A counter-reading of what Marx and Engels thought
Even more questioning is the reference to "the brutal imposition of a unified global market that threatens all local ethnic traditions, including the form of the nation-state". The rapprochement thus induced between ethnic tradition and the nation-state is not without its problems, but the author sees there, what is well written in the Manifesto, the fact that the bourgeoisie cannot exist without revolutionizing the instruments and relations of production as well as all social relations. Certainly, except that the reading he then makes of it seems to us to go against the direction of what Marx and Engels thought. They also note that the bourgeoisie has destroyed "feudal, patriarchal and idyllic relations". What Zizek gets out of it is that capitalism "mercilessly destroys the authentic aura of nobility, the sacred or honour". But for Marx and Engels, it is a dialectical moment whose overcoming (the negation of negation) leads to a completely different rebuilding of human relations when "religious and political illusions" have thus been destroyed. The same applies to structures and production relations. It is their destruction by the rise of capitalism that creates for them the conditions for surpassing it. There is no nostalgia there, but the idea of the movement that abolishes an existing state of affairs.

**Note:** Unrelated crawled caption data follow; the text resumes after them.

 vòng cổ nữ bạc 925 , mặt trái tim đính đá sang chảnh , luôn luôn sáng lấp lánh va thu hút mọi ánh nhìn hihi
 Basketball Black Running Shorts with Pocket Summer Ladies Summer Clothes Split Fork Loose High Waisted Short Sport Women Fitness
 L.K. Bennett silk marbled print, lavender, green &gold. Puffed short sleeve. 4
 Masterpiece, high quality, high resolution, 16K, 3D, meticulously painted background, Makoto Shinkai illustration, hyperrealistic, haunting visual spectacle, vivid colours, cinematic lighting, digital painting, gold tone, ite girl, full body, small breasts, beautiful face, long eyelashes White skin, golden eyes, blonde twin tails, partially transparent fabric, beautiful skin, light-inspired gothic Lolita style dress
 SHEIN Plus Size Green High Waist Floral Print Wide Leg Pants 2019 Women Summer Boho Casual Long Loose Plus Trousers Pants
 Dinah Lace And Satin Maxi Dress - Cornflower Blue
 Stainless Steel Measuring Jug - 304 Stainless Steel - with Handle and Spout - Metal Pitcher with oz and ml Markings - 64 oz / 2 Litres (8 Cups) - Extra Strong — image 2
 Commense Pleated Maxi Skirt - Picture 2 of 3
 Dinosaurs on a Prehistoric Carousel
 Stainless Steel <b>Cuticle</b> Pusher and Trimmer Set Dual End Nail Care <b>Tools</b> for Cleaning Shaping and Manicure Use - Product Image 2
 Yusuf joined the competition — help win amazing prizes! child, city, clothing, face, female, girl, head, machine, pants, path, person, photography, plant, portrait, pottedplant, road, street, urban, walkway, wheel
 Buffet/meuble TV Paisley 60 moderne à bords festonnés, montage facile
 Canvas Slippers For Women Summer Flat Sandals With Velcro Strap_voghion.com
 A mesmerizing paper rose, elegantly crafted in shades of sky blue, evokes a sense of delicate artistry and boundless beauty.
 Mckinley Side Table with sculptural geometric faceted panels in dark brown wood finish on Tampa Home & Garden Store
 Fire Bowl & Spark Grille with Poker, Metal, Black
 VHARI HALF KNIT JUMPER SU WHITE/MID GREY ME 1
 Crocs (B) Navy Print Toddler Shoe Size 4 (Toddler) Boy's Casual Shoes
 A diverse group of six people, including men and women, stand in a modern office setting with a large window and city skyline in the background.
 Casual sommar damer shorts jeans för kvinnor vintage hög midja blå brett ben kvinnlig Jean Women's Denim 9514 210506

The questions redouble when the author comes to write that, in the absence of a working class that is now "unavailable or absent", Western Marxism has come to solicit subordinate classes: "Third World peasants, students, intellectuals, excluded and marginalized. "And, according to him, the latest version of this idea would concern refugees: "Only the influx of a large number of refugees can revitalise the radical European left. "This line of thought is deeply obscenely cynical. It would be a project consisting in "closing the hole of the missing proletarians by importing them from abroad". We wonder where the cynicism is. This is not the place for a more in-depth analysis of Zizek’s singular rereading of the Manifesto, but what is clear is that it cannot be received without much caution.